I can picture any guys who are reading this rolling their eyes at my being such a girl about this, wondering why women want to overanalyze things. Well, news flash, fellas: we think about things that are important to us! And for relationships like girlfriend-boyfriend, right or wrong, we're looking for validation that it's worth pursuing, that the end result will be worth working past the rough spots. And news flash, Jeff: we've got some problems, and I know you know this, because in those two minutes we've talked about it in the past year, you admitted that things have "cooled" between us. If you did read the blog and are bothered by what you read, WHY are we not talking about it? And if you're really not reading it... do you care at all to know what I'm thinking? Are you content with just having someone to call a girlfriend? Apparently. Do I have commitment issues? You betcha. But ignoring the problems doesn't make them go away! Yet, as you may have also noticed, I bring them up less and less, not because they're not still problems, but because you don't want to hear it.

Which is sad, really. We can only go so far in neutral.


May 6, 2010

» new photoblog

After discovering that my old photo gallery host had started using those hyper-annoying pop-ups that try to take over one's computer, I made it my mission to relocate my photos ASAP. And I'm happy to report that it's done!

http://chezannegallery.shutterfly.com/

While I was moving, I also took the time to reorganize the pix, so now they're sorted (mostly) into years, from 2010 waaaaaaaaaay back to 2003 when I got my first "serious" digital camera.

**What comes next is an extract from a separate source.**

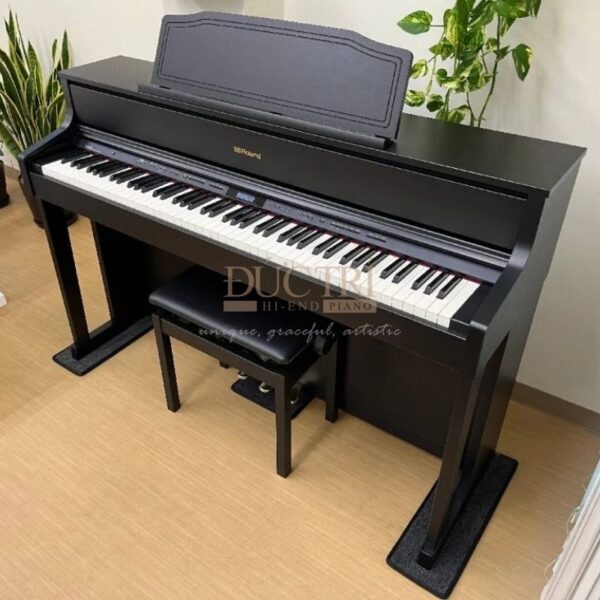 Hình ảnh trực diện của Đàn Piano Roland F120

Check it out, and note that it allows visitors to comment on the pictures. Hint! Hint!


June 6, 2010

» just for a moment I was back at school

Once upon a time there was a girl. The girl went to school, and from sixth grade to eighth grade, she had a huge crush on a certain boy.

Alas, the girl moved to a new school after eighth grade. Time passed, and she graduated from high school and then from college. She went to work -- at more jobs than she cares to admit, actually -- and finally settled into something resembling a career.

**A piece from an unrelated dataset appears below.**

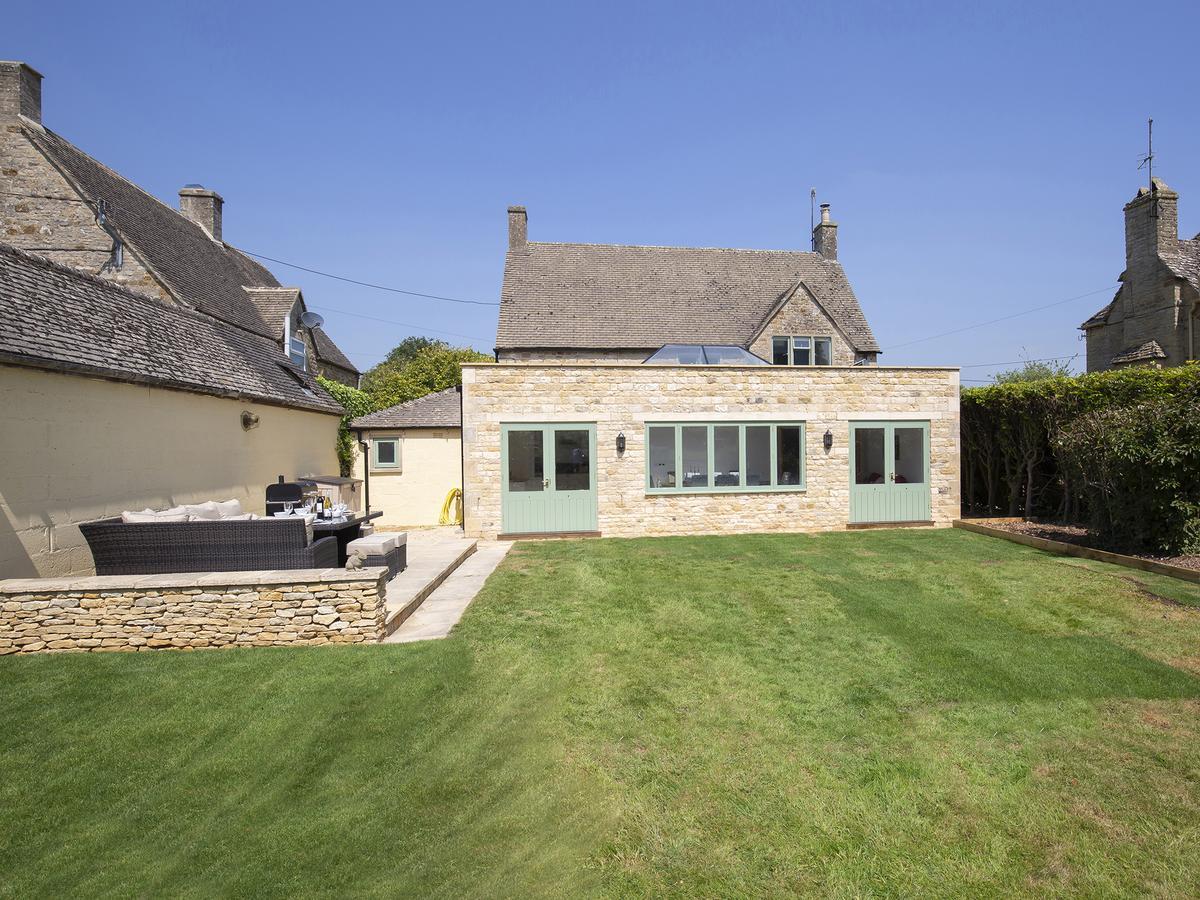 South Winds Villa Bourton-on-the-Water Dış mekan fotoğraf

And in the meantime, computers -- which the girl always loved -- saw huge advances in their capabilities and popularity. Someone invented the Internet... and other people *claimed* to have invented the Internet... and, anyway, the girl spent many, many happy hours on-line, connecting with people and sharing her thoughts.

And then one day the girl made her weekly visit to a certain social networking site and noticed that several of her friends were now friends with... Middle School Crush Boy! After a moment of debate (given that he had known about her crush, and she'd hate for him to think she was now some kind of stalker), she decided to go ahead and send a friend request. The girl's sister then scolded her, and the girl was all, "WHAT? I'm not trying to date him. It's just nice to reconnect and see what people have been up to."

And then two days passed, and she'd received no response, and she oh-so-briefly (and oh-so-irrationally) felt the sting of rejection once again.

And she marveled that technology has, apparently, advanced so far as to be able to transport her back in time.


June 30, 2010

» the birds

This morning, as I was about to leave the apartment complex parking lot, a big bird (a falcon?) and a normal-sized bird (didn't see what kind) swooped into view in front of my car before flying off straight ahead. Now, I've seen this kind of thing before, and I tend to think that the smaller bird is trying to distract the bigger one away from a nest. This time, however, they had gone maybe thirty feet when the falcon snatches the smaller bird right out of the air(!!) and goes to land in a nearby tree. Seriously, the smaller bird lost a few feathers.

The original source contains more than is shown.